At the time of writing this article, the price of Bitcoin was above $26,800. On-chain activity is increasing, and volatility may return. The amount of BTC entering exchanges and being transferred between wallets has been noteworthy in the past few days. This situation usually occurs before periods of significant volatility. The price can go in either direction. So, how do macro developments affect the market in the medium term?
The US PCE data has increased by 3.5% over the past 12 months. Fuel and food prices are highly volatile, but even excluding them, inflation is far from the Fed’s target of 2%. Moreover, the possibility of it returning to the target range is weakening. In fact, the 2025 forecasts have been revised upwards.
US Treasury bonds have surprisingly lost $1.5 trillion in value primarily due to these rate increases. As the US Treasury continues to fill the market with debt, there is a real risk of further interest rate hikes and increasing losses for fixed-income investors. It is expected that the maturity of an additional $8 trillion in government debt over the next 12 months will contribute further to financial instability.
Daniel Porto recently stated:
“The Fed will play a game where inflation leads, but the real question is whether we can sustain this trend without causing too much damage?”
There is an increasing risk that the central bank’s tightening in this cycle could jeopardize the financial system. The CEO of JP Morgan also recently warned of a potential interest rate of 7%. Under these conditions, it seems difficult for cryptocurrencies to perform well in the medium term.
Interest rates have risen rapidly, and customers who wanted to withdraw their money from banks faced significant problems in the first quarter of this year due to discounted sales of depreciated bonds. Following bank bankruptcies, the Federal Reserve’s BTFP emergency credit program was activated. However, this is a temporary solution, and the process of potential interest rate increases further complicates the situation.
Banks are increasing their interest rate sensitivity by transferring their assets to private credit and hedge funds. This trend is preparing to worsen further, increase yields, and increase losses in fixed-income markets if the debt ceiling is raised to prevent a government shutdown.
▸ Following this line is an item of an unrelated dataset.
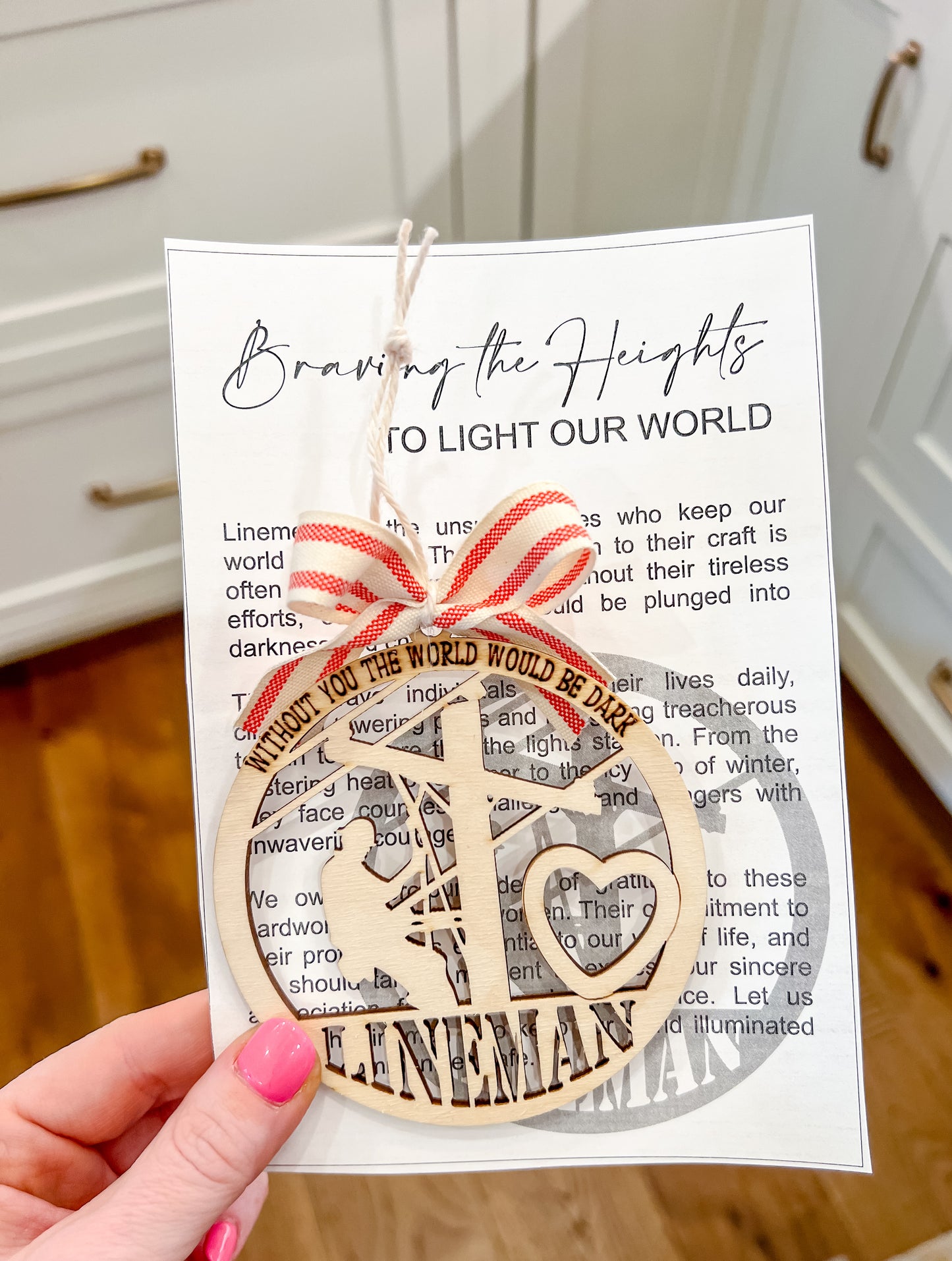 Lineman Story Card Ornament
The deteriorating profile of the Federal Reserve’s balance sheet, measured by the $1.5 trillion paper losses in US Treasury bonds and rising inflation, could have positive implications for scarce assets like Bitcoin in the long run. However, until there is a major breakthrough in Fed policy that turns the tide in favor of Bitcoin, there may continue to be a negative trend in the crypto market.
The fundamental requirement for the rise of cryptocurrencies is cheap money. It does not seem possible for them to achieve significant gains in risk markets as long as the Fed does not open the taps no matter how dire the situation is. If the Fed’s breathing is cut off at some point, it is likely that Bitcoin will return to its former glory in the long run.